Muitas vezes o eleitor fica com o projeto conservador mais por receio do projeto progressista do que propriamente pelas qualidades daquele escolhido. Isso acontece porque a proposta apresentada não é capaz de demonstrar que viria para melhorar. Empresários e setores das classes médias temem que obras sejam paralisadas, greves e movimentos sociais sejam promovidos, que se torrem os recursos públicos com programas sociais, não tendo a preocupação de gerar novos investimentos.

Todas as cidades podem fazer transformações positivas em pouco tempo, seja por uma visão estratégica, pela reciclagem de espaços ociosos, intervenções pontuais – a acupuntura urbana –, gerar novas energias e desencadear suas potencialidades. Falta de dinheiro não justifica falta de ideias. Diversas ações exigem mais criatividade do que um grande volume de recursos.

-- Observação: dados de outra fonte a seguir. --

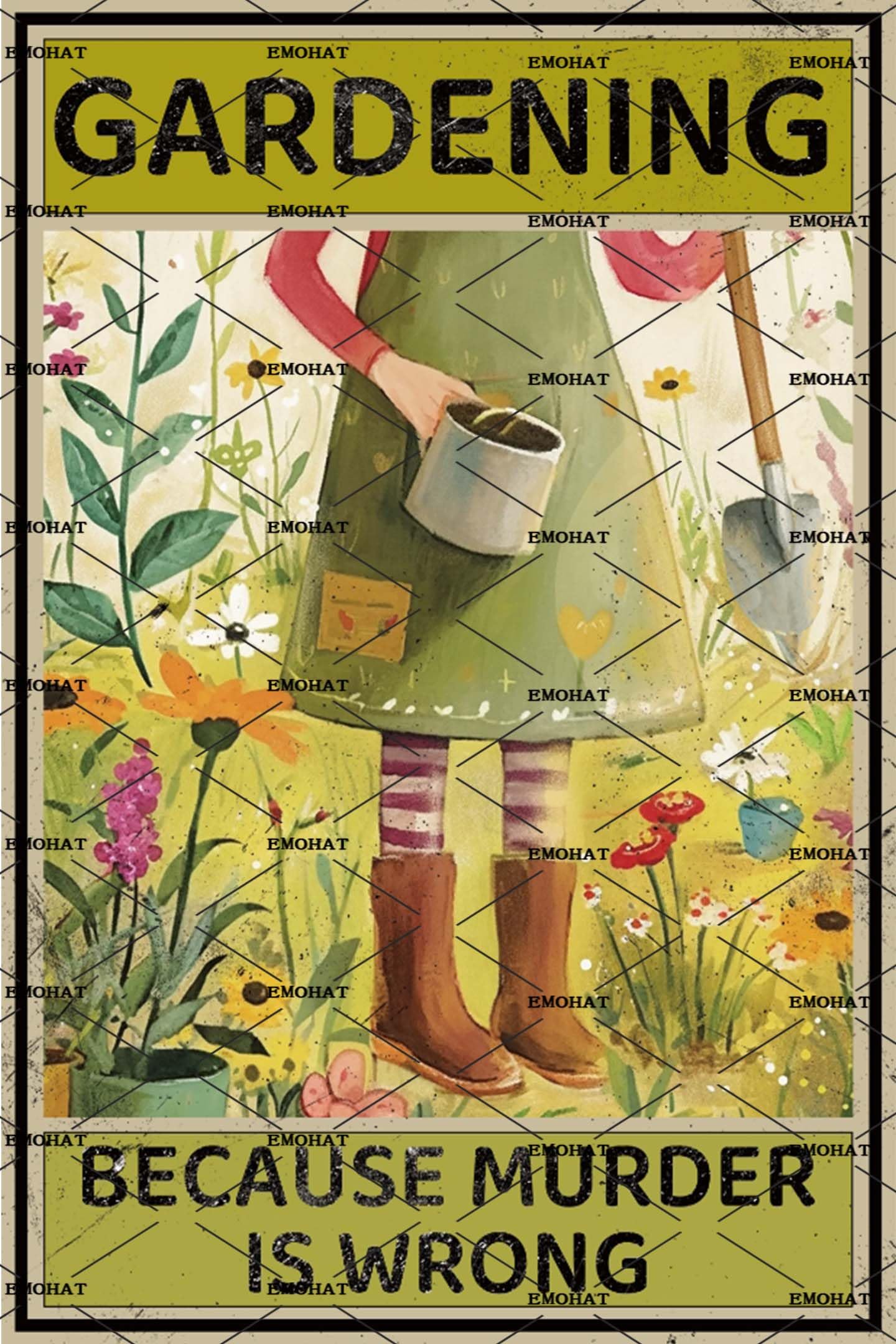 Gardening Because Murder Is Wrong Tin Sign, 8x12 Inch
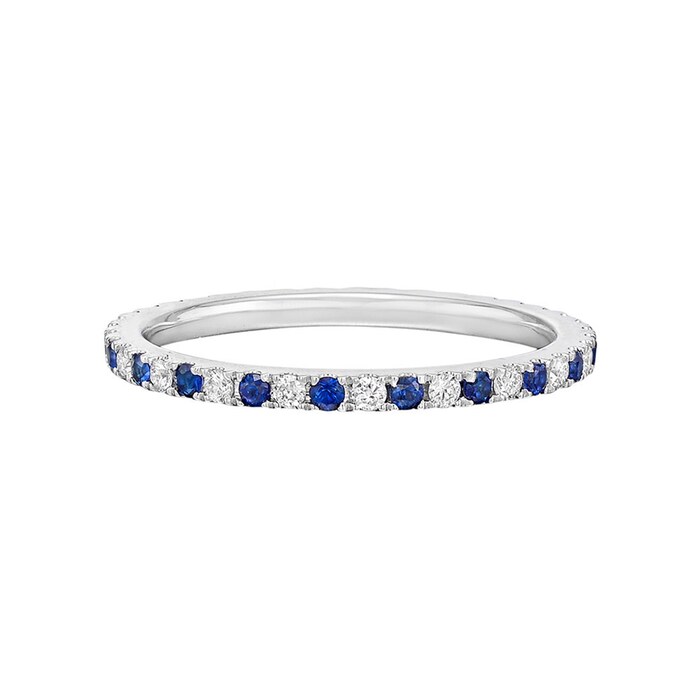 Betteridge 18k White Gold 0.27cttw Sapphire and 0.21cttw Diamond Eternity Band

Um plano de desenvolvimento urbano requer priorizar áreas de grande impacto no futuro da cidade, elaborando estudos prospectivos para balizar seu desenvolvimento, visões, objetivos e ações. Projeta-se o futuro no presente, baseado nas lições do passado, com escalas de curto prazo, médio prazo e longo prazo. Os planos de curto prazo remetem aos objetivos de médio e longo prazo. O planejamento conecta o presente e o futuro, em esforços coordenados e nas suas devidas etapas. Ao mesmo tempo, é flexível, se adaptando as necessidades gerais. Planejamento como ação de intervenção no futuro, mediando tendências, mas seguindo diversos planos simultaneamente, definindo prioridades e fortalecendo as formas de execução no devido tempo.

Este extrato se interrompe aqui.